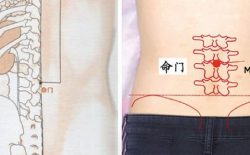 Huyệt mệnh môn được xem là cửa ngõ sinh mệnh của của con người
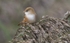 Bearded Tit, Female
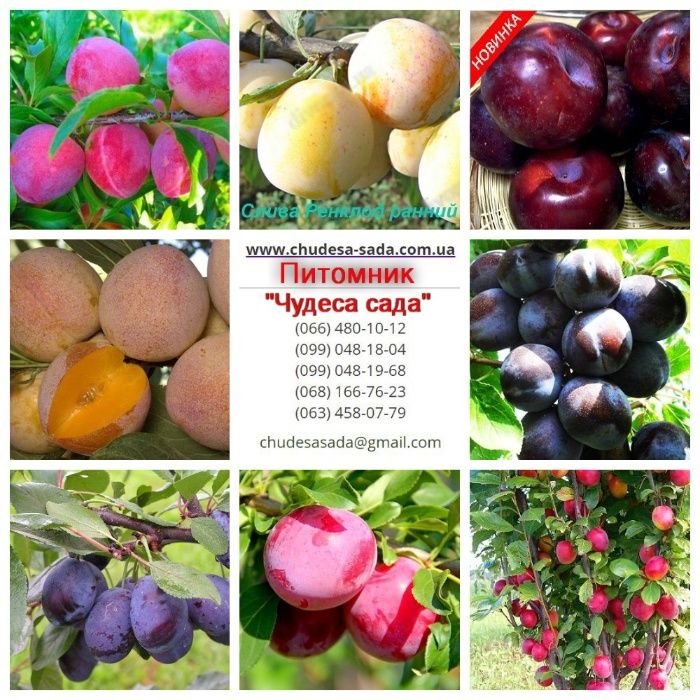 Саженцы сливы и алычи: эксклюзивные сорта и огромный выбор для сада!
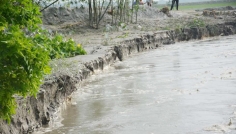 তিস্তার ভাঙনে ১১ পরিবারের ঘরবাড়ি, নদীগর্ভে ৫০ একর জমি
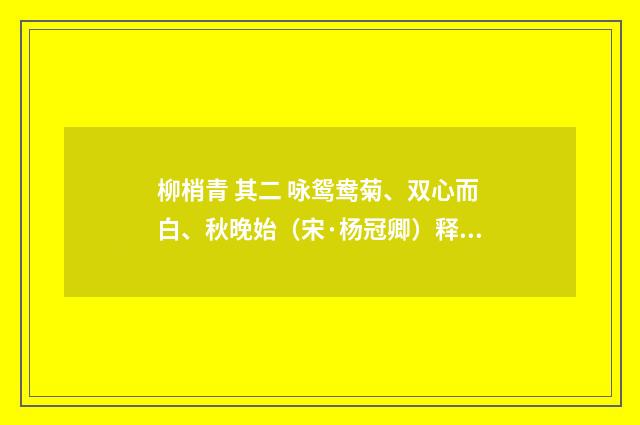 柳梢青 其二 咏鸳鸯菊、双心而白、秋晚始（宋·杨冠卿）释义及解释
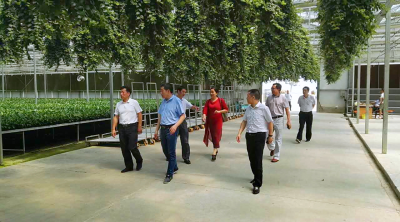 张桂华调研钟祥农业结构性供给侧改革工作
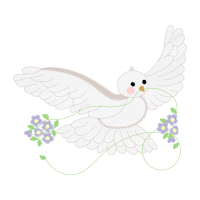 Peregrine Falcon Animals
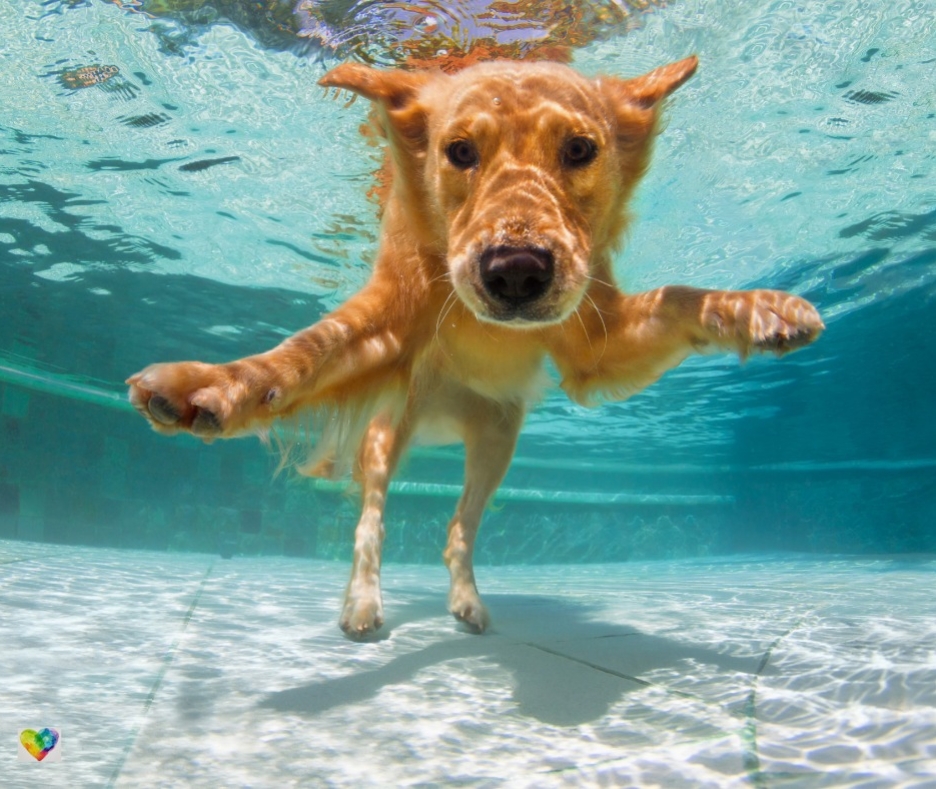 Dog swimming in indoor, heated pool in Keighley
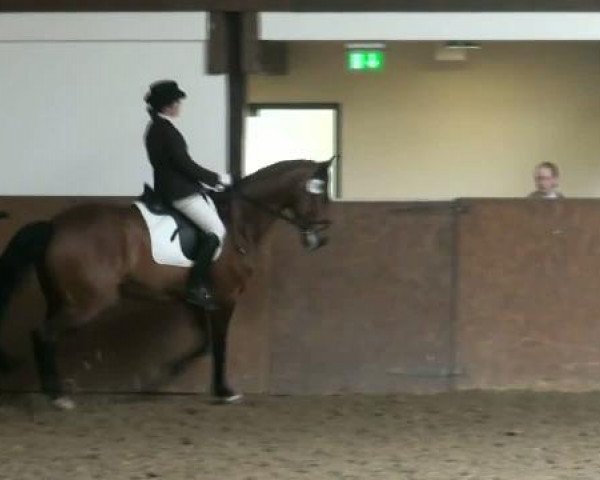 dressage horse Fascino d'Amore (Oldenburg, 2001, from Florestan I)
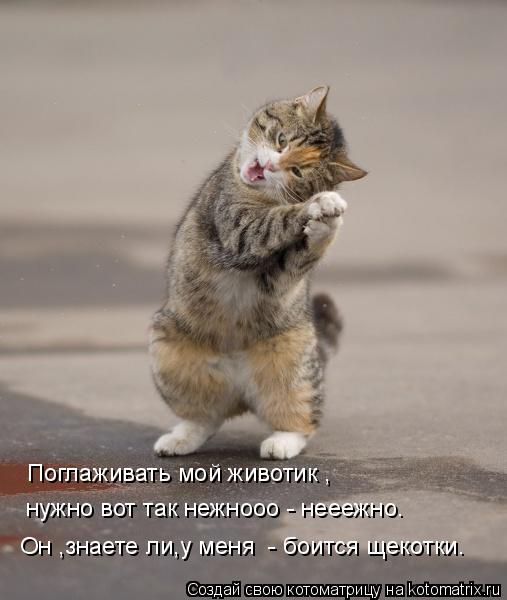 Котоматрица: Поглаживать мой животик , нужно вот так нежнооо - нееежно. Он ,знаете ли,у меня  - боится щекотки.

============

Prompt ▸ Word for word, restate the lines above from the one with "柳梢青 其二 咏鸳鸯菊、双心而白、秋晚始（宋·杨冠卿）释义及解释" through the one with "dressage horse Fascino", keeping both ends and dropping the pictures.

Answer for the task ▸
 柳梢青 其二 咏鸳鸯菊、双心而白、秋晚始（宋·杨冠卿）释义及解释
 张桂华调研钟祥农业结构性供给侧改革工作
 Peregrine Falcon Animals
 Dog swimming in indoor, heated pool in Keighley
 dressage horse Fascino d'Amore (Oldenburg, 2001, from Florestan I)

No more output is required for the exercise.